Давид продолжал трусить рядом, шумно выдыхая воздух ртом; в его янтарных глазах отразилась грустная покорность. Наконец-то — лес и маленький пруд, тень и прохлада, запах сосны и папоротника, разомлевших на солнце.

Тото присела и закурила папироску. Копенгаген раскинулся внизу у ее ног; вывеска Тиволи сверкала на солнце. Четко выделялась на ослепительном синем небе статуя Торвальдсена, вся белая, почти неправдоподобно прекрасная.

День сегодня чудесный — отчего Карди так расстался с ней? И даже не догадался телеграфировать? "Какая-то тень легла на все оттого, что он вдруг изменился, — думала Тото. — Да, легла, и мне не уйти от нее".

Она откинулась назад и, заложив руки за голову, смотрела на верхушки недвижных сосен и на мозаику неба. Было так тихо, что она слышала, когда обрывалась и падала сосновая игла. И вдруг Тото испугалась тишины.

Она снова села. Давид и Ионафан исчезли. Тото свистнула и услышала, что они бегут к ней издалека. Первым появился Давид, за ним — Ионафан, сильно запыхавшийся и точь-в-точь похожий на китайского дракона с одного из тех черных с золотом лакированных шкафчиков, что выставлены у Зелигмана в Париже.

И непосредственно за ними обоими показался Темпест.

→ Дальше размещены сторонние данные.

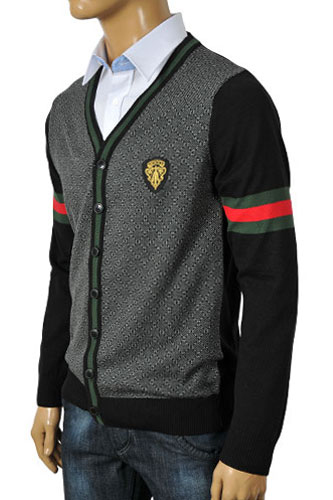GUCCI Men's V-Neck Button Up Sweater #58 - Click Image to Close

Он был один, сразу заметил Тото и улыбнулся.

— Не вставайте, — сказал он. — Я тоже присяду, если разрешите.

Он опустился подле Тото, обхватив колени руками; Давид и Ионафан благосклонно приветствовали его.

— Это Давид, — сказала Тото, — а это — Ионафан, иначе Дон-Дон, мы так зовем его оттого, что он такой крошечный. Им ужасно не хотелось идти сюда и жариться на солнце… да и мне тоже, но мне надо было пройтись.

— Откуда такой прилив энергии сегодня? — спросил Темпест.

Тот вздохнула.

— Неспокойно на душе. Папочка уехал в Англию.

— В Англию? — повторил, как эхо, Темпест, не скрывая своего удивления.

— Умер муж моей матери, — пояснила Тото и рассмеялась неясности выражения. — Будто из книги "Алиса в стране чудес", правда? Но вы, может быть, знали лорда Торренса?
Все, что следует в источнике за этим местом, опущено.